1st Under Secretary for Innovation and Technology
- Incumbent
- Assumed office 1 March 2016

Personal details
- Born: 1966 (age 59–60)
- Education: City University of Hong Kong (EngD) Open University of Hong Kong (MBA) Chinese University of Hong Kong (PGDM) Imperial College London (BEng)

= David Chung Wai-keung =

Hong Kong politician (born 1966)

David Chung Wai-keung JP (鍾偉強) is a Hong Kong politician. He has been the Under Secretary for Innovation and Technology of the Hong Kong Special Administrative Region since 1 March 2016.

Prior to appointed to the position, Chung worked as Chief Technology Officer (2011 - 2016) and Head of IT Office (2008 - 2010) at Hong Kong Cyberport Management Company Limited. He was also a winner of the "China Top 5 CIO Award" in 2013.

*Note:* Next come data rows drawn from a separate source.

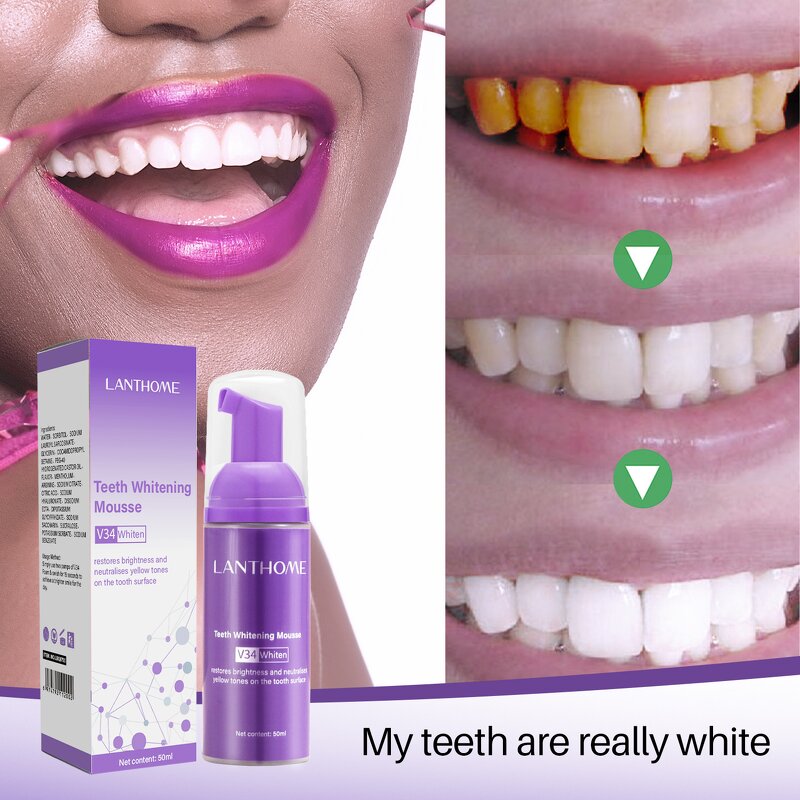 Teeth Whitening Mousse - Removes Smoke Stains Freshens Breath Yellow Teeth Care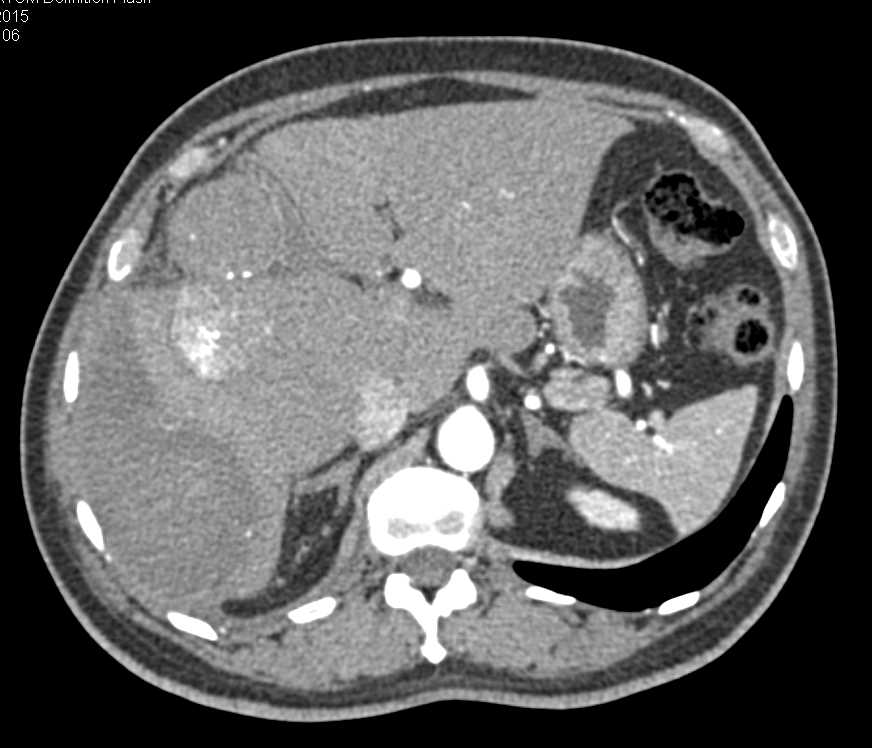 Hepatocellular Carcinoma (Hepatoma) with Spontaneous Bleed - CTisus CT Scan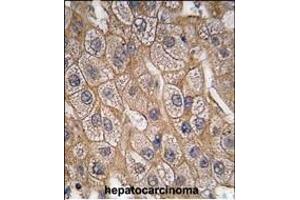 Formalin-fixed and paraffin-embedded human hepatocarcinoma tissue reacted with Endophilin B1 Antibody (Y80) (ABIN392590 and ABIN2842121) , which was peroxidase-conjugated to the secondary antibody, followed by DAB staining. (SH3GLB1 antibody  (AA 59-86))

Chung holds a Bachelor of Science (Engineering) in Computer Science from Imperial College London, a Postgraduate Diploma in Business Management from the Chinese University of Hong Kong, a Master of Business Administration from the Open University of Hong Kong and a Doctorate in Engineering Management from City University of Hong Kong.

On 5 January 2022, Carrie Lam announced new warnings and restrictions against social gathering due to potential COVID-19 outbreaks. One day later, it was discovered that Chung attended a birthday party hosted by Witman Hung Wai-man, with 222 guests. At least one guest tested positive with COVID-19, causing all guests to be quarantined.